§ Assignment: Each line of the material must be reproduced exactly; pictures stay out.

§ Source material:
++++++++++
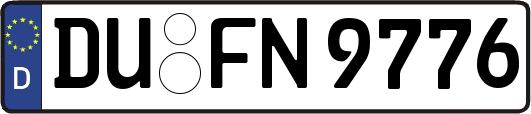 DU-FN9776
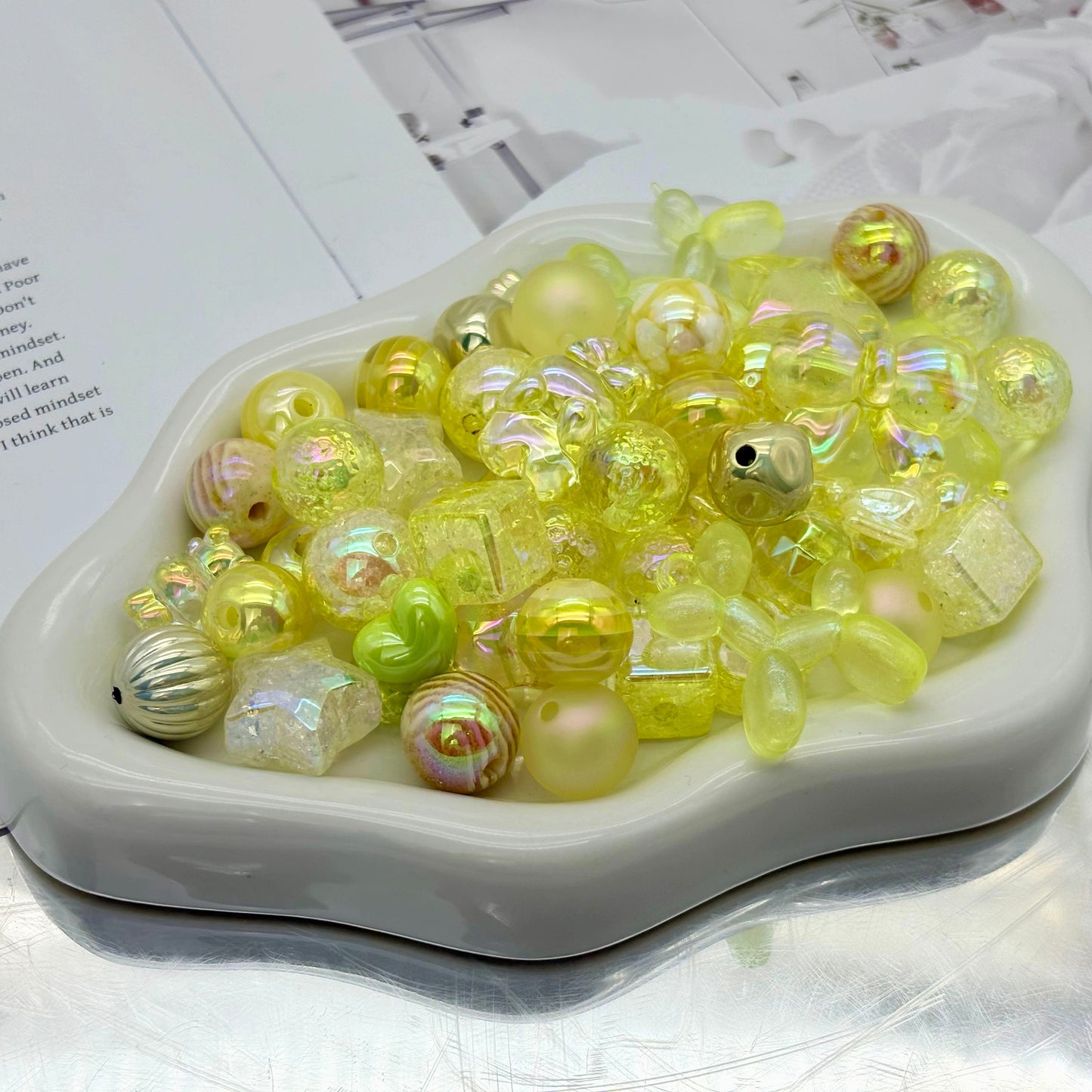 D33レモン園物語ビーズ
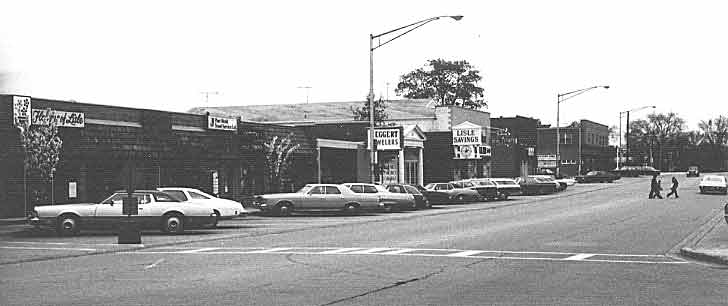 Lisle historic 1970s 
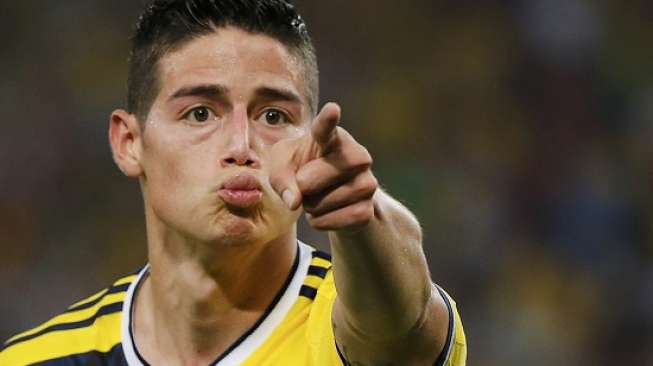 Setelah Kroos, Madrid Siap Gaet James Rodriguez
++++++++++
§ Reply:
 DU-FN9776
 D33レモン園物語ビーズ
 Lisle historic 1970s 
 Setelah Kroos, Madrid Siap Gaet James Rodriguez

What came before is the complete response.